**Work required:**
Every line of the material below that holds the string "Suites" should be copied.

Records shown section start

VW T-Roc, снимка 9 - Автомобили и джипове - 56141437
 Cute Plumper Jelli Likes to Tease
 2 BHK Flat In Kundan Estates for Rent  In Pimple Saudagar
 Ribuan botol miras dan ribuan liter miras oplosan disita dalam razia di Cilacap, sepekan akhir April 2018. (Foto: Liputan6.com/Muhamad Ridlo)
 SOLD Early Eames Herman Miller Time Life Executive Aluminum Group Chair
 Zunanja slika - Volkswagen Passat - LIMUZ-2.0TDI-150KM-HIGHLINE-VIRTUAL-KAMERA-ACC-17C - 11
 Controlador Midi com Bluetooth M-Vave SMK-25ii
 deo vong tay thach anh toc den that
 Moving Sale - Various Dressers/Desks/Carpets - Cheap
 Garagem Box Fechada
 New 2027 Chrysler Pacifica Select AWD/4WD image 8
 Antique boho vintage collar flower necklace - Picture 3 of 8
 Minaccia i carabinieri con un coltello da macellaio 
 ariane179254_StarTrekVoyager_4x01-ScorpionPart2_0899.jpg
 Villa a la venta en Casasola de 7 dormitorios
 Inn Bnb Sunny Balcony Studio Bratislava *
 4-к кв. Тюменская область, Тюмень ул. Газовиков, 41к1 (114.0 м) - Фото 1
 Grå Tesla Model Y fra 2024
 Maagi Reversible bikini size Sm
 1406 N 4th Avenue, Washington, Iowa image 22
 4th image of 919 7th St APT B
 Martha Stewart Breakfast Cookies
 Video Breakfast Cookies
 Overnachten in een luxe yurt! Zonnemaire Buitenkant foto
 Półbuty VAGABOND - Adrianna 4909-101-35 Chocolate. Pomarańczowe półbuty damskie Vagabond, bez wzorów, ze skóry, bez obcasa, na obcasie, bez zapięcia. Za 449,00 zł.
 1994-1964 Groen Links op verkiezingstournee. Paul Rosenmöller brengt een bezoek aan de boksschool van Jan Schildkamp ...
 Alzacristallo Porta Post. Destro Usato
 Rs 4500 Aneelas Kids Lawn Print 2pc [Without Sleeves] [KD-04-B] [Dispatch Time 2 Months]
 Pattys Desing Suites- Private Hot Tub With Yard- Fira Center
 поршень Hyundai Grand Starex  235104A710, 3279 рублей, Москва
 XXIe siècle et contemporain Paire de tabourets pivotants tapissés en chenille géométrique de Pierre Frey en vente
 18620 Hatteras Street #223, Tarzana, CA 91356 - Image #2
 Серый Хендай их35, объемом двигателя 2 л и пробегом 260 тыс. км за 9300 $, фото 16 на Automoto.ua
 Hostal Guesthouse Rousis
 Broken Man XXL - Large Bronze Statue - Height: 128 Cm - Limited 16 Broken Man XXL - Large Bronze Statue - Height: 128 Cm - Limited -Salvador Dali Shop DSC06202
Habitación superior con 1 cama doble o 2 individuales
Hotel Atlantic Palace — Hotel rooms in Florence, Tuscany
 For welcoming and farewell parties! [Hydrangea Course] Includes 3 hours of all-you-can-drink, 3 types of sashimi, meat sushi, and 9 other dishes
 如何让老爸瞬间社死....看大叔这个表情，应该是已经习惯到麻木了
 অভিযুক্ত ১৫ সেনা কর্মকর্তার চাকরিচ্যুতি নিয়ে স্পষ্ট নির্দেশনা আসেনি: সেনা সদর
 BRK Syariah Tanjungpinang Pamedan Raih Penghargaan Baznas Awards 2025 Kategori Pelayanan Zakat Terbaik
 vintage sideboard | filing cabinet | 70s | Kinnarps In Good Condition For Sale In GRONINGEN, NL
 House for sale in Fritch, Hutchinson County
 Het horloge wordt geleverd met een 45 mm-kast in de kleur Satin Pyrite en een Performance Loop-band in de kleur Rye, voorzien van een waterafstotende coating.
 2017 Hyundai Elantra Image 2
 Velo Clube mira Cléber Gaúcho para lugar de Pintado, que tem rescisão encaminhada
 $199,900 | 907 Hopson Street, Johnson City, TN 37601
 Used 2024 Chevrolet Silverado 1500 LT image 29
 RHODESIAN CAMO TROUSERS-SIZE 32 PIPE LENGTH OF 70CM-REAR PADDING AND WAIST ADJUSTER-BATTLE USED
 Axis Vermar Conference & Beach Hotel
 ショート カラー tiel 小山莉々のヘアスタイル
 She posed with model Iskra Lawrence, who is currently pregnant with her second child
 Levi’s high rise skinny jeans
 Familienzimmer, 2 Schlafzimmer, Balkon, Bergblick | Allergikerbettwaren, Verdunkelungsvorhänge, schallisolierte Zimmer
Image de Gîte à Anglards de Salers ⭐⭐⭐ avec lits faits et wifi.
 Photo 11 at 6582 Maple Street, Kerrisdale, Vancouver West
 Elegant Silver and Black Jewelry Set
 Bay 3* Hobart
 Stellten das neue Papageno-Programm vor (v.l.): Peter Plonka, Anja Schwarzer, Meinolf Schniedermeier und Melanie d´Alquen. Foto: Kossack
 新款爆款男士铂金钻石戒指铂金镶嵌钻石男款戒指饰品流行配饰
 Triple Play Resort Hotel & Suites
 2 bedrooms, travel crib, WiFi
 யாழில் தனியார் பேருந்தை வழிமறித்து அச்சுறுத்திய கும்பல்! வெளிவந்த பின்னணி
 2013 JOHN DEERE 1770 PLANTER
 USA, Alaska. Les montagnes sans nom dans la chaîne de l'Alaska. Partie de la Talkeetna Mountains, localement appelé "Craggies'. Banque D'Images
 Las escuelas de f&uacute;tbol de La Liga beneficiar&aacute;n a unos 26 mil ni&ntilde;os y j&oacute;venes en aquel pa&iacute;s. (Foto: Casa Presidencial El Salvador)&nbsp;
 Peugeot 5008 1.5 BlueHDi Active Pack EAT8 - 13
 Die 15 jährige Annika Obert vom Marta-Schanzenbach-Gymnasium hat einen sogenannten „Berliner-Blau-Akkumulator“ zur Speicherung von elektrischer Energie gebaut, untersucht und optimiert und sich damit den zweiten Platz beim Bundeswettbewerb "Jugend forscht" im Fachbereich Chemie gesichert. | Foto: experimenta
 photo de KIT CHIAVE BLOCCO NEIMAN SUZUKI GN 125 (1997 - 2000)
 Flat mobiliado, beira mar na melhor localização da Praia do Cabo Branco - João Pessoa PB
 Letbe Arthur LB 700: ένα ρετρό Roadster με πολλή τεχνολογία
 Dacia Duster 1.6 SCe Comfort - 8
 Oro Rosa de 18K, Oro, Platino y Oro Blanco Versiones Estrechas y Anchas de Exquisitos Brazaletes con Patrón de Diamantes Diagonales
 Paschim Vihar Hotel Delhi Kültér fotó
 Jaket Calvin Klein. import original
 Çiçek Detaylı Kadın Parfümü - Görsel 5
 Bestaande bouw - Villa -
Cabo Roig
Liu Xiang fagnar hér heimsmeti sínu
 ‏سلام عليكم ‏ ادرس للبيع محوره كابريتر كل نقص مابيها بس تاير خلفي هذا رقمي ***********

Records shown section end

**Exercise output:**
 Pattys Desing Suites- Private Hot Tub With Yard- Fira Center
 Triple Play Resort Hotel & Suites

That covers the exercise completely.